By her account, MacDonald lost more than a father when he died suddenly of a heart attack. She lost her tether -- to her world as a whole, as an aspiring academic at Cambridge; but more frighteningly still, to herself. With life in something of a free-fall MacDonald sought solace from a perhaps unlikely source, a bird of prey like none other: the English goshawk. Though no novice to falconry, the sheer violence and size of the goshawk is new to MacDonald . . . and, we find, appropriate to the enormity of her deepening depression.

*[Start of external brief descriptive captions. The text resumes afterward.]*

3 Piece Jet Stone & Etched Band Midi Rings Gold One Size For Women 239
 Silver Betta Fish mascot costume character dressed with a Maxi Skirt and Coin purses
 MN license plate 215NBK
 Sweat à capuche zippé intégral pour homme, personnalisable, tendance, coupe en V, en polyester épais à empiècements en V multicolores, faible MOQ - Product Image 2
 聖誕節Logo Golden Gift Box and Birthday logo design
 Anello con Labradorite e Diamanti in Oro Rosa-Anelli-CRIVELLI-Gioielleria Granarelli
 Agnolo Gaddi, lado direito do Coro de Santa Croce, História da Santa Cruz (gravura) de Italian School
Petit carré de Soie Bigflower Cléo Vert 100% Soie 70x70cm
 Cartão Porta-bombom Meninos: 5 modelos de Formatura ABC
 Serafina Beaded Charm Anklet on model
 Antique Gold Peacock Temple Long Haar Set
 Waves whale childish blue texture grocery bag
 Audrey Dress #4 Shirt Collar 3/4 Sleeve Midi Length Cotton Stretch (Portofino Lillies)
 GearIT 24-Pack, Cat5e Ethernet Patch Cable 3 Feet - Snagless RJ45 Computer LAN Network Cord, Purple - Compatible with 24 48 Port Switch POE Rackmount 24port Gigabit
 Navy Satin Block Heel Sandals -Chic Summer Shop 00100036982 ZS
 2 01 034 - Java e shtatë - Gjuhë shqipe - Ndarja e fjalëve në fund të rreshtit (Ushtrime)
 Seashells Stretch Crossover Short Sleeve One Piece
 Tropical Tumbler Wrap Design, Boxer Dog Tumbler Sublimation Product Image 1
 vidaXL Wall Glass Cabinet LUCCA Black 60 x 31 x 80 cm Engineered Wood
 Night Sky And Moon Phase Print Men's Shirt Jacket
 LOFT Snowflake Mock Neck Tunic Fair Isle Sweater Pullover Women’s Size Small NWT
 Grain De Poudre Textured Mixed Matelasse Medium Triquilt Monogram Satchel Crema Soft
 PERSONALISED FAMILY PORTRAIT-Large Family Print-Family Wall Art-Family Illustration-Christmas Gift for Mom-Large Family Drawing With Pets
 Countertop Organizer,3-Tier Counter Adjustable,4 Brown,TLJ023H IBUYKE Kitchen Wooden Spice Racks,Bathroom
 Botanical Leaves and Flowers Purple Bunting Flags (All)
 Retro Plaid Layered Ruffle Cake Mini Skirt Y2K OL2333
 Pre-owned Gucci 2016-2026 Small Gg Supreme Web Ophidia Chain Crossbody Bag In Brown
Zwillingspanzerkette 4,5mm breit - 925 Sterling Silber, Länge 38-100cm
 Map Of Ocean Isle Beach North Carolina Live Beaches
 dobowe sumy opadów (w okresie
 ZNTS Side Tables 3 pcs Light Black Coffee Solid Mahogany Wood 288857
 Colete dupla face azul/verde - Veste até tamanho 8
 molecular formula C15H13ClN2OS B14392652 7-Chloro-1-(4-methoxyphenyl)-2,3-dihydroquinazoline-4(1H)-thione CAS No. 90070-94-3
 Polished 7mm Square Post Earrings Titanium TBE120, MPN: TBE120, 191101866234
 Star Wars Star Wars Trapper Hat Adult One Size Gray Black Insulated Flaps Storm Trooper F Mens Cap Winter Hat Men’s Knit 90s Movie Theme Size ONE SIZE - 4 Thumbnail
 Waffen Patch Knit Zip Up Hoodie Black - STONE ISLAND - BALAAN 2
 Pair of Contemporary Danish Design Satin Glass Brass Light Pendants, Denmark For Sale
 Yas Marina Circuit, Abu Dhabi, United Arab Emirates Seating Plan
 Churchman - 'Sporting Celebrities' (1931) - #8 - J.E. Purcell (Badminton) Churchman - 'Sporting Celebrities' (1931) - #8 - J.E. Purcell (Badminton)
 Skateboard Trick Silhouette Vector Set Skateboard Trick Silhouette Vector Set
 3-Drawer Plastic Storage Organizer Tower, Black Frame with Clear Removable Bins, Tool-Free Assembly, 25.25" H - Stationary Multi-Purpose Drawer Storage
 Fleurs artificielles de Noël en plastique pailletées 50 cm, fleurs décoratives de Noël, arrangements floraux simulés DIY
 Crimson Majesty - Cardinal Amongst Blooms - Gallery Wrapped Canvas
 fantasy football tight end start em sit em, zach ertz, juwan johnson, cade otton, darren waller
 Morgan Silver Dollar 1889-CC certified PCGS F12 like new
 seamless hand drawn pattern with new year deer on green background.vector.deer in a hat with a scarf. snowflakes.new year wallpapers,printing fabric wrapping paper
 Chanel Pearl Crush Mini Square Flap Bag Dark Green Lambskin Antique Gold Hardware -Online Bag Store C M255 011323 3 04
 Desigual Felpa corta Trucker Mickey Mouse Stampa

There is a talismanic quality to this sort of writing that makes it as difficult to forget (or stop talking about!) as it is to put down. Her prose mimicking the manner of Mabel, her hawk -- expansive like a set of wings (soaring unexpectedly into a biography of T. H. White, the famed author of The Once and Future King, but known best to MacDonald for his earlier book, The Goshawk), its talons holding the reader in place, instinctively wary of everything it cannot consume -- MacDonald has crafted something truly special. H is For Hawk will appeal specifically to readers seeking a dose of depth and poetry to their reading; but more generally, too, to we who have lost someone, or who have felt ourselves at a loss for something unspeakably and identifiably ours, and are perhaps looking above and below still.
March '15 Indie Next List
“This is a superbly crafted memoir, incredibly original in its depth and visceral impact. The author swings back and forth between her own desire to train a goshawk and her research of that same need documented by T.H. White. Self-deprecating humor vies with wonder and grief as Macdonald manages to make the reader see, hear, and feel every aspect of this incredible journey. A marvelous read.”
— Karen Frank, Northshire Bookstore, Manchester Center, VT
As a child the author was determined to become a falconer. She learned the arcane terminology and read all the classic books, including T H White's tortured masterpiece, The Goshawk, which describes White's struggle to train a hawk as a spiritual contest. This book offers an account of his struggle with grief.